HELP- visiting MSP + searching for best anniversary dinner place!

Hello! We're coming into town over Labor Day weekend to visit family, but we're whisking away one night to celebrate our wedding anniversary without the rest of the clan... where should we go???

- We LOVE food
- We've eaten all over the US + the World (China, Europe, Australia, etc.)
- We tend to like off-the-beaten-path gourmet finds
- We are afraid of chains
- Love our drinks but really love amazing food
- Could be a great deal or a splurge
- Should be in the metro Minneapolis OR St. Paul areas
- Somewhere someone romantic/interesting- not cheesy


  1. Click to Upload a photo (10 MB limit)

    (In that order


    Both are elegant, have wonderful food and are perfectly appropriate for a classic, romantic wedding anniversary. I've spent wedding anniversaries at both.

    Congratulations and enjoy!

    1. Check out the menus at Restaurant Alma and Heartland:

      Both of these restaurants are at the top of my list for a special occasion. They focus on sourcing from small local farms, neither restaurant is too stuffy, the dishes are creative and the quality is great. Heartland in particular is strictly regional. Heartland has better desserts, but the food at Restaurant Alma is more reliably delicious Heartland, it depends on what you order (they do roasts very well, but I have been disappointed with their trout). Also, for the quality of food you receive, the prices are quite reasonable.

      1. Happy anniversary!

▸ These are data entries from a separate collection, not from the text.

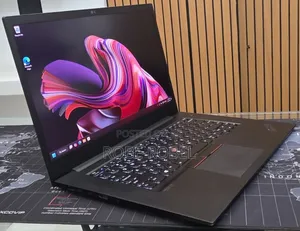New Laptop Lenovo ThinkPad X1 16GB Intel Core i9 SSD 512GB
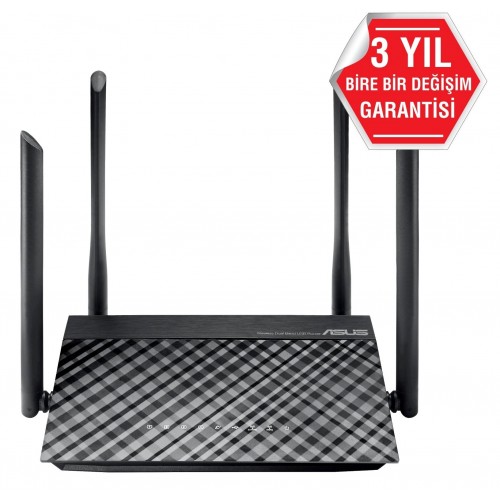 ASUS RT-AC1200 TORENT AC1200 4PORT A.POINT/ROUTER ASUS RT-AC1200 TORENT AC1200 4PORT A.POINT/ROUTER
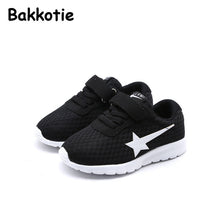 Bakkotie 2018 Spring Fashion Baby Boy Casual Shoe Girl Brand Little Kid Sport Sneaker Child Leisure White Shoe Toddler Mesh Soft
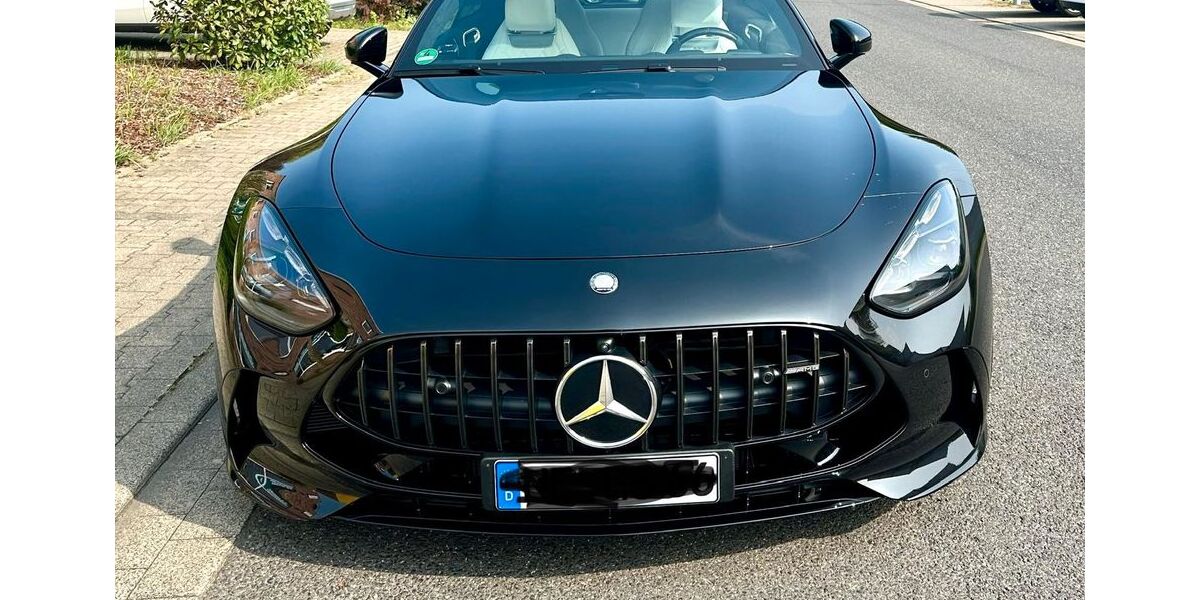 Mercedes-Benz AMG GT 3.950 km 160.300 &euro; Kaarst 41564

For interesting, though not necessarily romantic, check out 112 Eatery in Minneapolis, though I wouldn't call it off the beaten path.

        For something more off the beaten path, though these places--certainly Little Szechuan-- have certainly been "discovered" I'll also throw out a recommendations for

        Ngon Bistro on University Avenue in St. Paul (chef-driven Vietnamese in a lovely setting. Very affordable. Nice wine & beer selection, too.)
        Tea House II in St. Paul (Sichuan and Shanghai cuisine in a lovely setting, very affordable)
        Little Szechuan on University Avenue in St. Paul (fantastic Sichuan in a nice, but not as nice as Tea House I think, setting, very affordable. Serves some beer and some red wine.).

        If you make reservations as an of the places MSPD or Quince have mentioned, be sure to mention it's a special occasion. I know at Heartland they'll try to seat you in the little alcove and the other places would probably do something similar.

        Have a wonderful time and please do report back.


        1. All of my recommendations are in Minneapolis. I love me some romantic dinners!

          La Belle Vie - Romanantic, World Class, Unpretentious, On-The-Beaten-Path (also, our favorite special occassion restaurant)
          Alma - Comfortable, Sustainable, World Class, Near-The-Beaten-Path
          D'Amico Cucina - Romantic, World Class, Semi-Pretentious, On-The-Beaten-Path
          Azia - Semi-Romantic, Very Good, Two Menus, Away-From-The-Beaten-Path
          Fugaise - Romantic, Modern, Intimate, Approaching-The-Beaten-Path (our favorite local spot)
          Spoonriver - Semi-Romantic, Sustainable, Commited, Off-The-Beaten-Path

          We've also enjoyed Lurcat, Sample Room, The Modern, Oceanaire, Barbette, Quang, and jP Bistro. Though I like other's reccomendations better.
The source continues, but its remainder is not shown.